Saved data entries:
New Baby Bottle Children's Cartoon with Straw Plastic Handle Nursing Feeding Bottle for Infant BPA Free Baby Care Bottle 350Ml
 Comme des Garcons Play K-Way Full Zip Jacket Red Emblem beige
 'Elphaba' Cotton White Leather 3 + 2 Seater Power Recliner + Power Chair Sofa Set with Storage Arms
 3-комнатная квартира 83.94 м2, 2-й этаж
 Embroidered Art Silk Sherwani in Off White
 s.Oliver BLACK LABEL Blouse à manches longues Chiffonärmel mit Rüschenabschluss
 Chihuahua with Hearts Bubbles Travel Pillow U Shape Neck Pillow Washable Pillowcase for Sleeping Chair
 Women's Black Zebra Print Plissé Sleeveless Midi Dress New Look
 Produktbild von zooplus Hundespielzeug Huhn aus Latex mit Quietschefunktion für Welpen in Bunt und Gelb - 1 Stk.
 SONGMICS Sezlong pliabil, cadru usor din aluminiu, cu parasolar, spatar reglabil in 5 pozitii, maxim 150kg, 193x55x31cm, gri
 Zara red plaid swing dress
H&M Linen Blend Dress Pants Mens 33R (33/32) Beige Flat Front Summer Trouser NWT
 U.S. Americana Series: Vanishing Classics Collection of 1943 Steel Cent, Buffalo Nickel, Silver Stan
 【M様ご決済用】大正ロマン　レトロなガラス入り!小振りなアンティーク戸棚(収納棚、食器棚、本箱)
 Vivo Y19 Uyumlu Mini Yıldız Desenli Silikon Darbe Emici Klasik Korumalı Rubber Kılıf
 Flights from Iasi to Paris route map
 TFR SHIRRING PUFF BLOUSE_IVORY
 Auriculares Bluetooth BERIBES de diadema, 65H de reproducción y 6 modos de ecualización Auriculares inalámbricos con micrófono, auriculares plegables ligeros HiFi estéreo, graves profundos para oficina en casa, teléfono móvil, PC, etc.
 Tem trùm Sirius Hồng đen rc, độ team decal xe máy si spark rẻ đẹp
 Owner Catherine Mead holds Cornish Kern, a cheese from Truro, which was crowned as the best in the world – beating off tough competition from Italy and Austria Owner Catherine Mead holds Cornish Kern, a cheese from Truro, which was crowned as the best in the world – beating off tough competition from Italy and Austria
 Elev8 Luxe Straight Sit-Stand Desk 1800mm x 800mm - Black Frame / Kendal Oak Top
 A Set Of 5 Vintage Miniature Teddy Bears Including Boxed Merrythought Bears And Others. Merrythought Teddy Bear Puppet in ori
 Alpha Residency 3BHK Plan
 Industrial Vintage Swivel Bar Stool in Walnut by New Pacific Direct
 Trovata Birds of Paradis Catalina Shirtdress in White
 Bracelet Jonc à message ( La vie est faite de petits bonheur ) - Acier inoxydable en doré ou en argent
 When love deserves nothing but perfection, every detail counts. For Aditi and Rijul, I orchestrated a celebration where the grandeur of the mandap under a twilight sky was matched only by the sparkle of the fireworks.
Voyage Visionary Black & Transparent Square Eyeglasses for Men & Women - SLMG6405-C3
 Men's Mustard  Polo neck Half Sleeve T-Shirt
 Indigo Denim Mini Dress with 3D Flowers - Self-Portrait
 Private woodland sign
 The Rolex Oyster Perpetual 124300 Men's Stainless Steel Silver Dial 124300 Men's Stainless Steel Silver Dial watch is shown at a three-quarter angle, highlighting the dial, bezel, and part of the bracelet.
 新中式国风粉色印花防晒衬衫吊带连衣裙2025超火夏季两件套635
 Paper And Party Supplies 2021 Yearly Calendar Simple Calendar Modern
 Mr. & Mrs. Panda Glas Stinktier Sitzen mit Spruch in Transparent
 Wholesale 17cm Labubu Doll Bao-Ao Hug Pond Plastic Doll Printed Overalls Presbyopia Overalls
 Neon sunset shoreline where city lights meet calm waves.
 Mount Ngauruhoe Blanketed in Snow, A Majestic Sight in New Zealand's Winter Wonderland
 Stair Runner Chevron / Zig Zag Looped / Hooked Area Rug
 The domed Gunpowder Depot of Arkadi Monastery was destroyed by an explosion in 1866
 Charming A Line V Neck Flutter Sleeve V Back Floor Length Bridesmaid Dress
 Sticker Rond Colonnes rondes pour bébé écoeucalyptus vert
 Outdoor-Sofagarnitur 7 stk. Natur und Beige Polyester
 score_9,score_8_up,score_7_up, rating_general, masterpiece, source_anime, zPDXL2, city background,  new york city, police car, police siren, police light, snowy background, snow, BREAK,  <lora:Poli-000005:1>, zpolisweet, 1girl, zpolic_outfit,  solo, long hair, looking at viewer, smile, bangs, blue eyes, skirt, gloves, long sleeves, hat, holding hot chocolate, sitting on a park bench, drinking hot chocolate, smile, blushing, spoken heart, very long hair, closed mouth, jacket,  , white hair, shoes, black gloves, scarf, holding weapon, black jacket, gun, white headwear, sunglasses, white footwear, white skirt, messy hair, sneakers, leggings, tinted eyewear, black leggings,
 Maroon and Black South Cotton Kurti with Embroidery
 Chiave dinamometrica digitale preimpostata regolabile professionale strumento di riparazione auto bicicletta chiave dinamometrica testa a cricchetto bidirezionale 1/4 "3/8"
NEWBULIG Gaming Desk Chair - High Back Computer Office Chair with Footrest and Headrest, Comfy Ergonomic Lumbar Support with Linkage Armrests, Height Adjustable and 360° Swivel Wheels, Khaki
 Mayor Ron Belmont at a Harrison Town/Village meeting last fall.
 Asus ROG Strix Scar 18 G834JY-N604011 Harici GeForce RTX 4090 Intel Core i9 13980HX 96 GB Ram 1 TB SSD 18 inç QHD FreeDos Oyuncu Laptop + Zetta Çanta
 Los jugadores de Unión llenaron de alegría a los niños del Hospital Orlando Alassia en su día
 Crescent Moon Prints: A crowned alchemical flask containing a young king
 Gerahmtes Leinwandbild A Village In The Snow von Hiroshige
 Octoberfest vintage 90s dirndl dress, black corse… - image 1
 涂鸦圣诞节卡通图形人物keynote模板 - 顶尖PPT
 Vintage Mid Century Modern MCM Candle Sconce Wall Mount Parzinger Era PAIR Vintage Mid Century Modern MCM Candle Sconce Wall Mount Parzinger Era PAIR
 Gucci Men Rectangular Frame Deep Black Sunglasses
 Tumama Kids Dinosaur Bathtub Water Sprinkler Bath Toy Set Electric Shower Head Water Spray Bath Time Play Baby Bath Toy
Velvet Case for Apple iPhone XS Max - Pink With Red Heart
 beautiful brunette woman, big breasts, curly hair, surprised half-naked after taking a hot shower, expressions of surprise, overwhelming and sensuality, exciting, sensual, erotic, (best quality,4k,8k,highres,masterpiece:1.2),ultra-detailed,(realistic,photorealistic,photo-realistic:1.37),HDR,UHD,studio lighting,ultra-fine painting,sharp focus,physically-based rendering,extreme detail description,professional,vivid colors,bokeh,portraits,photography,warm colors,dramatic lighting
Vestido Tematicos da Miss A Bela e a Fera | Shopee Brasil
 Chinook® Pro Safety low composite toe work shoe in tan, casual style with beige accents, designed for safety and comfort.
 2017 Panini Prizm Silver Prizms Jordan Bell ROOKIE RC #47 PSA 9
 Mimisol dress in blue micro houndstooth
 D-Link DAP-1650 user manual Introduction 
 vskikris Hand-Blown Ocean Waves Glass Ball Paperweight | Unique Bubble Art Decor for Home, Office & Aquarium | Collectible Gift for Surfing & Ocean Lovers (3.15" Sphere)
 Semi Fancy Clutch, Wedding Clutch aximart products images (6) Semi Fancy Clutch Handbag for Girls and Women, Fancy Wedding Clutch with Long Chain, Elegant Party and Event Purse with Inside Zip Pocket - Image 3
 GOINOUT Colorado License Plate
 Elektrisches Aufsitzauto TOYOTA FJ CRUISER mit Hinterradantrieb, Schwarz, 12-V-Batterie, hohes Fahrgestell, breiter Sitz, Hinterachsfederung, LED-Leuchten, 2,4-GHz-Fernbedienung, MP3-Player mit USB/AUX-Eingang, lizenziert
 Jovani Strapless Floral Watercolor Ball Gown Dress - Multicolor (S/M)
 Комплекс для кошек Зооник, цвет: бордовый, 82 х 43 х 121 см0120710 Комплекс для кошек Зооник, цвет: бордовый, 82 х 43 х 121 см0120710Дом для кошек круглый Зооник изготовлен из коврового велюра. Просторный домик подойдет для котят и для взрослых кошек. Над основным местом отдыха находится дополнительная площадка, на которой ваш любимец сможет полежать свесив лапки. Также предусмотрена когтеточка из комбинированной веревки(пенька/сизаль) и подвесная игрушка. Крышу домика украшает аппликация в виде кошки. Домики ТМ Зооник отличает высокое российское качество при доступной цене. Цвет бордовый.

▸ **Brief**
For each line in the records that contains the word "detail", make a copy.

▸ **Expected output**
 When love deserves nothing but perfection, every detail counts. For Aditi and Rijul, I orchestrated a celebration where the grandeur of the mandap under a twilight sky was matched only by the sparkle of the fireworks.
 beautiful brunette woman, big breasts, curly hair, surprised half-naked after taking a hot shower, expressions of surprise, overwhelming and sensuality, exciting, sensual, erotic, (best quality,4k,8k,highres,masterpiece:1.2),ultra-detailed,(realistic,photorealistic,photo-realistic:1.37),HDR,UHD,studio lighting,ultra-fine painting,sharp focus,physically-based rendering,extreme detail description,professional,vivid colors,bokeh,portraits,photography,warm colors,dramatic lighting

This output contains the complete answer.